# Addicted to being tired?



## jjman (Apr 1, 2010)

I have been trying to search these forums and google for some people in my situation, but i cant seem to find the right words for any results i am looking for. Sleep,addiction,drug and many other words in any order come up with things like "Tired of addiction, lack of sleep" and that's not what I'm looking for.

I will not go into a full life story, so in short my mother is in a wheelchair now and my father committed suicide a few years back. Since then i have done nothing but sit on my computer for twenty hours a day for the past 5 years. I have severed all ties to any friends/family outside my computer world so that i will not be interrupted or asked to take part in social events. This as you know takes years to do because people don't give up on you at first, but eventually they finally forget about you and leave you alone.

Now that you know a little background i am wondering if anyone has heard of someone being addicted to lack of sleep. When i was brought up i was the one kid that actually took the advise about drugs and alcohol and waited a very long time to try either. Around 19 (i am 21 now) i tried both and i quickly learned that the aftermath (hangovers/Burnout) was not worth the fun i was told i had last night by my friends.
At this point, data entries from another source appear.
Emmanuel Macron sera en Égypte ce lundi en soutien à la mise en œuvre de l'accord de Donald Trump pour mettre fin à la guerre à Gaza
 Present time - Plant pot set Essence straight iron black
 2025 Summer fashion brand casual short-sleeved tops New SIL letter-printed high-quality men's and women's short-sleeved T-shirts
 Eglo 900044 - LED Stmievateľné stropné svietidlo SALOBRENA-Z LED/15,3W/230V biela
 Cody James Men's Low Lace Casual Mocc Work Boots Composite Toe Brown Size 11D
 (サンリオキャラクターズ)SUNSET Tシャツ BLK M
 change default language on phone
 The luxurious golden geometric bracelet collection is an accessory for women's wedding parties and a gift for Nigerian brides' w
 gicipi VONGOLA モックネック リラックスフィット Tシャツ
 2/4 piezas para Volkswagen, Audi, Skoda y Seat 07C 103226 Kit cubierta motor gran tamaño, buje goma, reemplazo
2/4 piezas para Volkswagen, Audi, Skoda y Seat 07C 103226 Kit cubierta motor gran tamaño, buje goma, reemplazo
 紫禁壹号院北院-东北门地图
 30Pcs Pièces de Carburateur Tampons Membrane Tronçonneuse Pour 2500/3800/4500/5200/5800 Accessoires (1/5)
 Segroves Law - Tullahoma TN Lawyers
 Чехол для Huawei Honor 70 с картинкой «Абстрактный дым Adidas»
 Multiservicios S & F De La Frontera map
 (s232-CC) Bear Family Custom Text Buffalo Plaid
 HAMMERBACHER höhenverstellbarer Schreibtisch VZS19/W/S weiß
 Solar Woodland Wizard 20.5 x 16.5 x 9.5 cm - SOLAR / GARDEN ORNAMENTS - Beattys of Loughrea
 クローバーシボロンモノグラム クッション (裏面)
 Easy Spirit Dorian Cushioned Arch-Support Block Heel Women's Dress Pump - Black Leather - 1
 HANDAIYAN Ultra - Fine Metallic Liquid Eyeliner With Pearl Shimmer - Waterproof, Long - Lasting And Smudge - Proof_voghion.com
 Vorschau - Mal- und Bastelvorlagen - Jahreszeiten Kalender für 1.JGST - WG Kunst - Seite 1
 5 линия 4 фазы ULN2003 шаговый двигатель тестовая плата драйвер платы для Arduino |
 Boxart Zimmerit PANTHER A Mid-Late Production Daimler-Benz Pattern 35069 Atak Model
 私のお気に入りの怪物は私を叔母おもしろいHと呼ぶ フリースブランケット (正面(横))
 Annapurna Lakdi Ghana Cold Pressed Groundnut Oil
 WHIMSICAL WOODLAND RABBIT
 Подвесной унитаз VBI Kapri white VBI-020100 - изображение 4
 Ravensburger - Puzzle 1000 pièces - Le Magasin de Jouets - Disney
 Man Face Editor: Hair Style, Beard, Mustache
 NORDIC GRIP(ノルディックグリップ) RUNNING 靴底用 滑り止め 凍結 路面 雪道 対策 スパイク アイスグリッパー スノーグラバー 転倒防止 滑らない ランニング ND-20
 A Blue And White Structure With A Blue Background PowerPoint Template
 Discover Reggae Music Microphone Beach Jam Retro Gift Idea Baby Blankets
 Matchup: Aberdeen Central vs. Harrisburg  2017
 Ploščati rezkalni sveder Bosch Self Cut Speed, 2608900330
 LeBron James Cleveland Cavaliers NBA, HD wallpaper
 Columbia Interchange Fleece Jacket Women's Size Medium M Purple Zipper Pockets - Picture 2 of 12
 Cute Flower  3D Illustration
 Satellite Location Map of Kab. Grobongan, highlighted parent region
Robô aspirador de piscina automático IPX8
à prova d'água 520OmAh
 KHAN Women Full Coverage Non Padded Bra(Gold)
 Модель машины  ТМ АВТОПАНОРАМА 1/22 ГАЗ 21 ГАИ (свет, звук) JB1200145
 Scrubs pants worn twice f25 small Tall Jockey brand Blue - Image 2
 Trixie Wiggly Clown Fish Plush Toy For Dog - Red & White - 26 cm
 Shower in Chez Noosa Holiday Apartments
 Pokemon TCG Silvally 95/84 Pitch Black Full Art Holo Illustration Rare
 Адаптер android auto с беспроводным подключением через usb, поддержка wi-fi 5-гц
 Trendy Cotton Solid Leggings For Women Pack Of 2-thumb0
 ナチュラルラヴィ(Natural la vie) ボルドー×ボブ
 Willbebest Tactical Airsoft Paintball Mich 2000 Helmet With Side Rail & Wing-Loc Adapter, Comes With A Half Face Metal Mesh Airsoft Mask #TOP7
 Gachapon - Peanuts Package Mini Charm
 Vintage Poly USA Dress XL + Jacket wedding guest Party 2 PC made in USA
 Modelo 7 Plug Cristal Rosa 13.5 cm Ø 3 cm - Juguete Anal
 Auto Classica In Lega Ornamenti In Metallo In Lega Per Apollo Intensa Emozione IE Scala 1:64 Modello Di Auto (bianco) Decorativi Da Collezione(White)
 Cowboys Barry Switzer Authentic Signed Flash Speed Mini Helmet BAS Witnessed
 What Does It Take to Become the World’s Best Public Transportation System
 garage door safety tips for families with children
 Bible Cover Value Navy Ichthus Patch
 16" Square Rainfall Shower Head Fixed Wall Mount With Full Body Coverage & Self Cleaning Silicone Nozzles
Instead of things that potential hurt my lungs (im a runner) i stay up 20-48 hours straight in one place until my i am so tired that i become numb and at any time of my choosing i can pass out. Now this feeling, no freedom to sleep exactly when i want to is probably the best feeling i could have, better than weed,alcohol even sex. When i stay awake long enough i can get to the point where it feels exactly like i am on some type of heavy drug where i cant even remember the last few hours i was awake. One thing i am wondering is the affects this might have on my brain.


----------



## David Baxter PhD (Apr 1, 2010)

Do you have a history of depression or other mood disorder, jjman, diagnosed or not? Or is there any family history of depression or bipolar disorder? (I know you mentioned that your father committed suicide but there might be other reasons for that).


----------



## jjman (Apr 1, 2010)

I was placed in hospitals throughout my teens for OCD, intrusive thoughts and extreme anxiety. I have outgrown all of my rituals and the OCD altogether. My current problem is that no matter what i do or how hard i try i CANNOT stay motivated even if it is something i enjoy like running. Anytime i get excited about doing something outside my room be it school,work or a course I'm taking i will always be looking for the first reason to quit. I too thought of depression, but i am generally really happy until i have my bad moments where i realize what ive been doing and it needs to change. Problem is when i go to make change i start thinking about how it will effect me and i come to the same conclusion... If i try to make a life for myself with a girlfriend and a job sure it will be something new for a while, but once it becomes the norm ill want something different or something more. I figure why not skip the whole grass is greener thing and be happy where i am. I know it is not our nature to just be happy with what we have, i know we need ambitions,dreams or something to chase after but i just cant keep the motivation without thinking my way back out of it.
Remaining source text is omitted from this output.